A weighted formation is an offensive formation that has two TEs on the same side, or two WRs on the same side. Often, these formations are called "twins", such as "twin TEs" or "twin WRs".
These formations are designed to do several things, and we'll take a look at each. Among the things that weighted formations do:
- They give the illusion to the defense that one side of the field is more likely to be the offensive target,
- They attempt to confuse the defense (since defenses are almost always symetricalin an attempt to cover both sides of the field),
- They can lead to motion shifts that can further confuse the defense,
- And they can exploit mis-matches against particular players.
Let's take a more in-depth look at these four points, as well as defensive counters.
Assault on Symmetry
Let's say you are a defensive lineman or LB. You see twin TEs on the strong side of the field, but you are assigned to the weak side. If you were assigned to zone the weak side, you just do your thing. But what if you are supposed to man a second TE, or the FB. Do you now go over to the strong side "over" your assignment (which means "lined up in front" of your assignment, target, or principal)?
At the lower levels of football (including HS) the answer is yes. We want the players at the HS and JR.H levels to keep it simple. But at the college and pro levels, things get more difficult.
For example, by allowing the WLB to just automatically line up on the weak side, we've already signaled that the WLB isn't in zone. Worse, if the play is a running play, the WLB is now prepared to cover the TE, who is going to hit the WLB with a run block. Had enough? What if the play is a run, and goes to the weak side?
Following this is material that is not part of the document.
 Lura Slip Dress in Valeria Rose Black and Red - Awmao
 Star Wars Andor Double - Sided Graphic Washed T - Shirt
There's no WLB to cover now.
The offense can come to the line in twins, or they can motion a TE to the other side to create a weighted formation. This causes even more confusion.
All of these things can be solved easily by a defensive coordinator. However, his players are going to have a rougher time. The players are often catching their breath, feeling some pain, still re-living the last play in their heads, and pumped full of adrenaline (which narrows the players' thoughts). They have to think at "game speed". Besides, the DC has notes and a clipboard; the players have to keep everything in their heads.
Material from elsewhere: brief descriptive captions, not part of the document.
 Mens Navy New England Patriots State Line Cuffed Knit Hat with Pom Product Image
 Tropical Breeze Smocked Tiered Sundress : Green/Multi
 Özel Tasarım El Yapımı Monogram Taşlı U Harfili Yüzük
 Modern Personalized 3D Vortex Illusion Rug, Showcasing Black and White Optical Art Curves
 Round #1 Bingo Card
At the HS level, coaches drill simple concepts into their players. They'll also have a few plays that are more complex, just to trip up opposing teams. However, at the college and pro levels, even the simplest plays feature layers of complexity that are well beyond what one sees in HS.
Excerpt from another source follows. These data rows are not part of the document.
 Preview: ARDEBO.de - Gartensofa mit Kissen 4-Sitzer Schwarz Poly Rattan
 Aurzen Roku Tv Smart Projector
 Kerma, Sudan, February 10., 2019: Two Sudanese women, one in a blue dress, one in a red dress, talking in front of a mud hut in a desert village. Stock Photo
Because there are so many possibilities out of such a formation, the defense needs to cover the whole field while presenting disguises of their own. These disguises place players in different zones (to jump passing lanes), and to fool the offense from telling the difference between man and zone coverages.
For example, at the pro level, if the offense presents "twin TEs strongside", we might vary the role of the WLB. He might stay on the weakside (and zone), or stay on the weakside and man the RB. How do the other players then know what to do? Well, here comes the pro level complexity...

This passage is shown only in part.